* TASK ITEM
Wherever pictures occur in the entries below, leave them out and retype the rest exactly.

* EXTRACTED INFORMATION

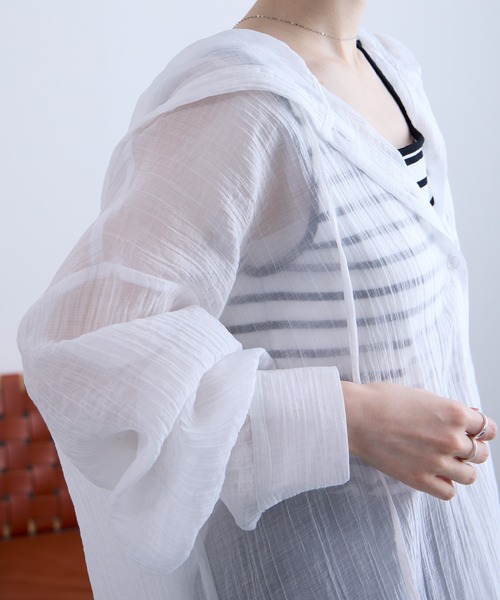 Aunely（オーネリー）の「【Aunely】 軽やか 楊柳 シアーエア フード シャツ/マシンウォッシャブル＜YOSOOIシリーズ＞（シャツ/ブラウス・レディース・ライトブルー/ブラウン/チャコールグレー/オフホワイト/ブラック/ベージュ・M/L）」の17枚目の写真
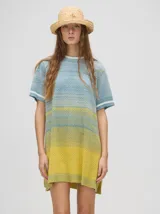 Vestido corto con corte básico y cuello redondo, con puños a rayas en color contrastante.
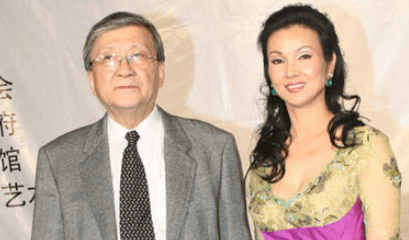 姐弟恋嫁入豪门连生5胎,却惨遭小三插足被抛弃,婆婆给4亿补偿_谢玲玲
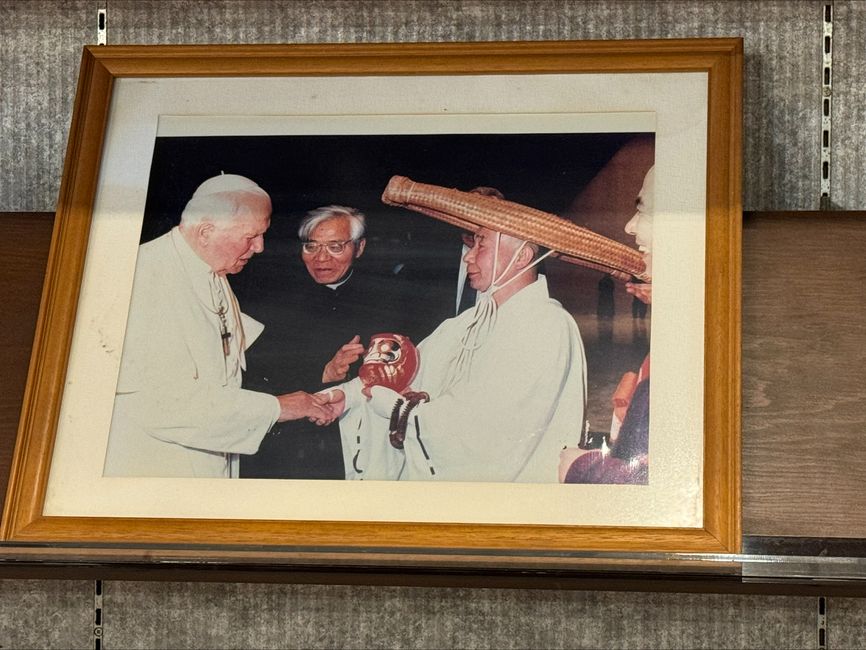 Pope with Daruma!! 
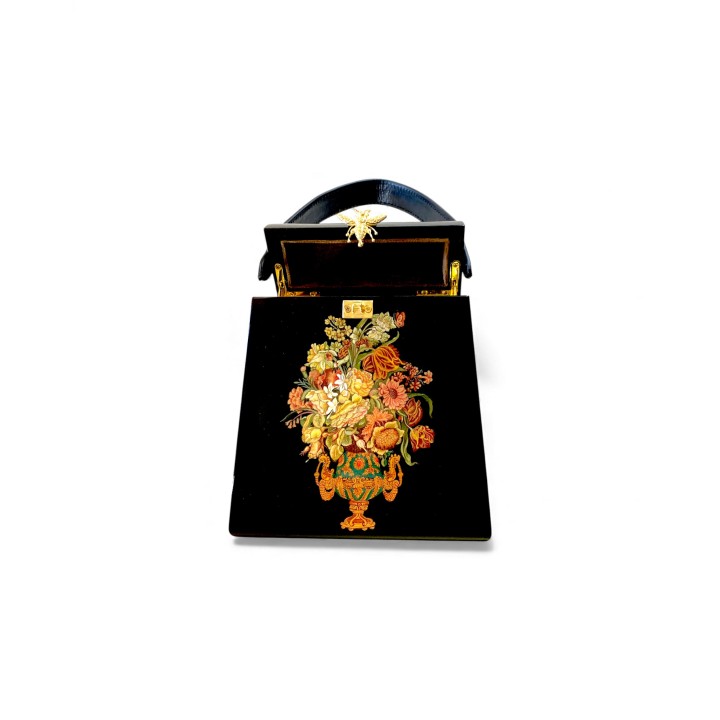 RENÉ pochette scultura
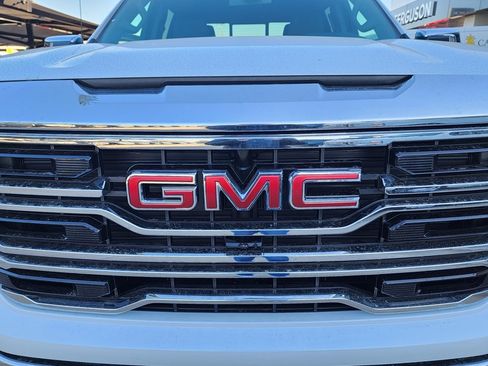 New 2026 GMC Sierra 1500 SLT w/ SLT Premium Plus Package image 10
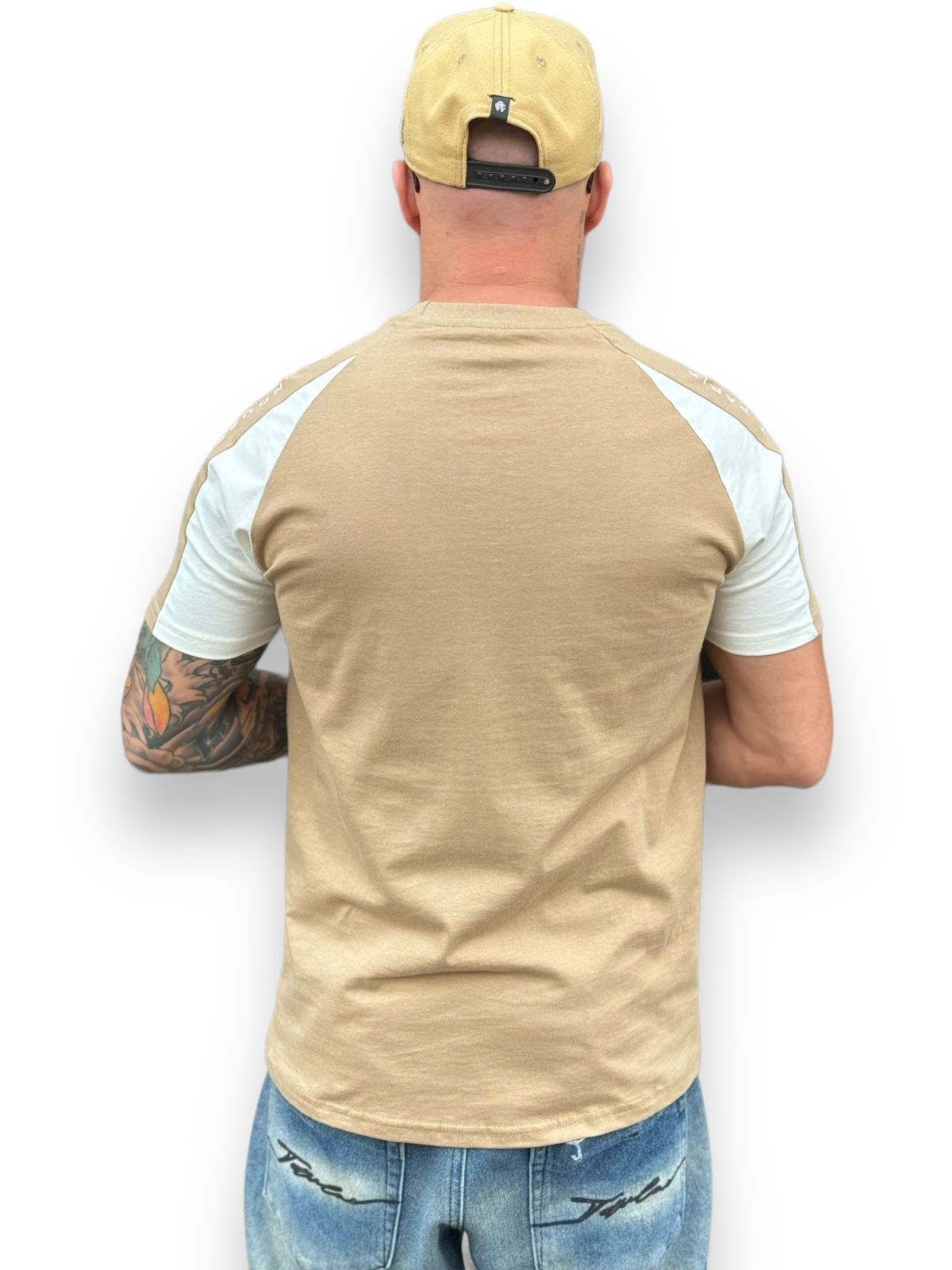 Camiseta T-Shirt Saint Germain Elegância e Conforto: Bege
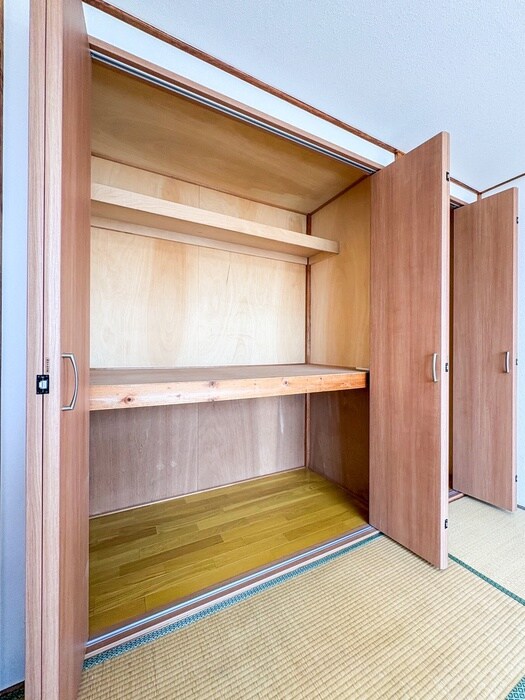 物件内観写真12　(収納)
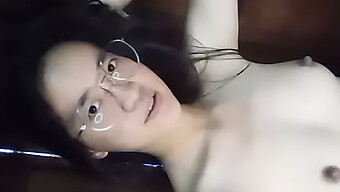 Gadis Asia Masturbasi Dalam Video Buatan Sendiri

* WRITTEN RESPONSE
 Aunely（オーネリー）の「【Aunely】 軽やか 楊柳 シアーエア フード シャツ/マシンウォッシャブル＜YOSOOIシリーズ＞（シャツ/ブラウス・レディース・ライトブルー/ブラウン/チャコールグレー/オフホワイト/ブラック/ベージュ・M/L）」の17枚目の写真
 Vestido corto con corte básico y cuello redondo, con puños a rayas en color contrastante.
 姐弟恋嫁入豪门连生5胎,却惨遭小三插足被抛弃,婆婆给4亿补偿_谢玲玲
 Pope with Daruma!! 
 RENÉ pochette scultura
 New 2026 GMC Sierra 1500 SLT w/ SLT Premium Plus Package image 10
 Camiseta T-Shirt Saint Germain Elegância e Conforto: Bege
 物件内観写真12　(収納)
 Gadis Asia Masturbasi Dalam Video Buatan Sendiri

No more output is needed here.